- [WHAT YOU ARE ASKED TO DO] While copying the entries exactly, leave out each picture they contain.

[[ MATERIALS PROVIDED open ]]

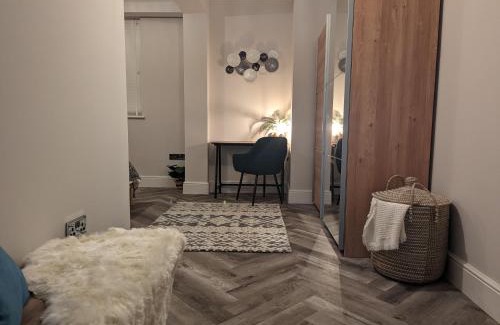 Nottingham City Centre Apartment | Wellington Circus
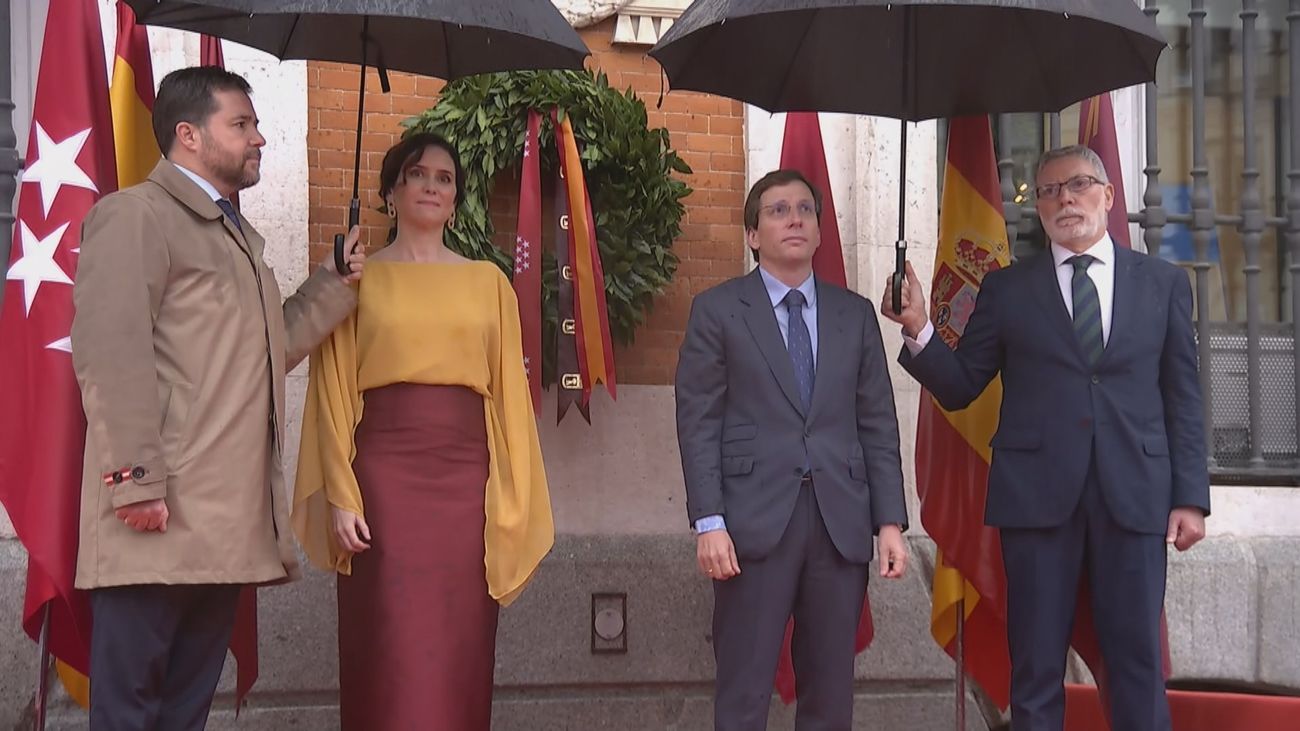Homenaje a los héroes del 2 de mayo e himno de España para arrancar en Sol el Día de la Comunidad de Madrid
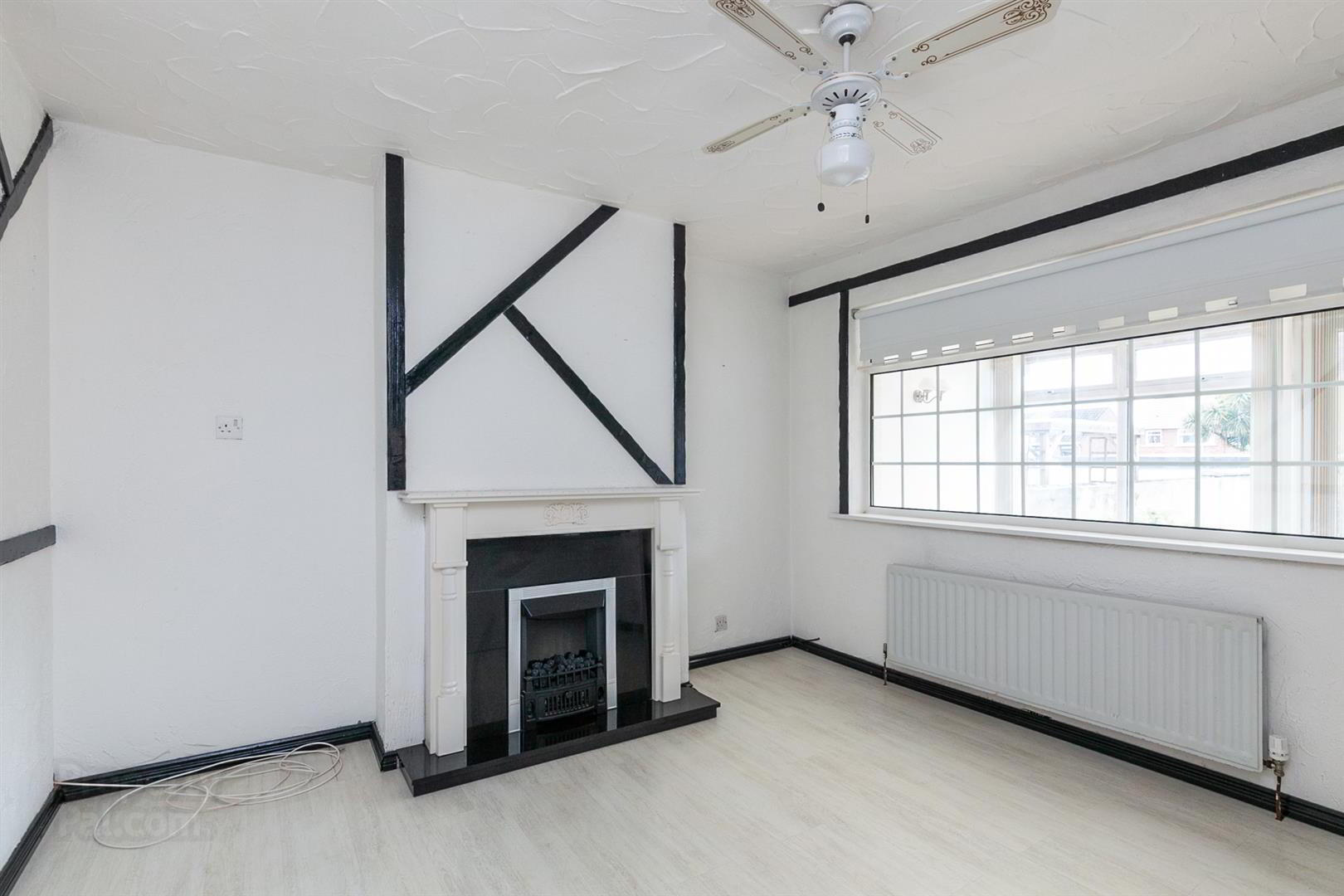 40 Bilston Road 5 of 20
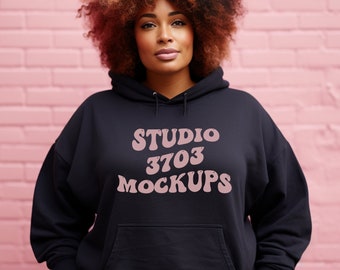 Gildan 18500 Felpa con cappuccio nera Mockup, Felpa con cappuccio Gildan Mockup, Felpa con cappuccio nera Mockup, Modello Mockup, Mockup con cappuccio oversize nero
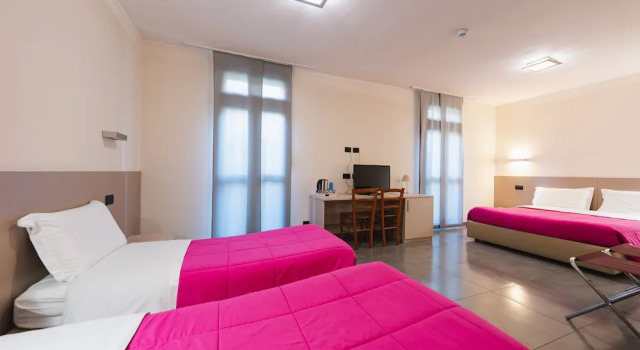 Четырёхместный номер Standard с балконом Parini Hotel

[[ MATERIALS PROVIDED closed ]]

- [SOLUTION]
 Nottingham City Centre Apartment | Wellington Circus
Homenaje a los héroes del 2 de mayo e himno de España para arrancar en Sol el Día de la Comunidad de Madrid
 40 Bilston Road 5 of 20
 Gildan 18500 Felpa con cappuccio nera Mockup, Felpa con cappuccio Gildan Mockup, Felpa con cappuccio nera Mockup, Modello Mockup, Mockup con cappuccio oversize nero
 Четырёхместный номер Standard с балконом Parini Hotel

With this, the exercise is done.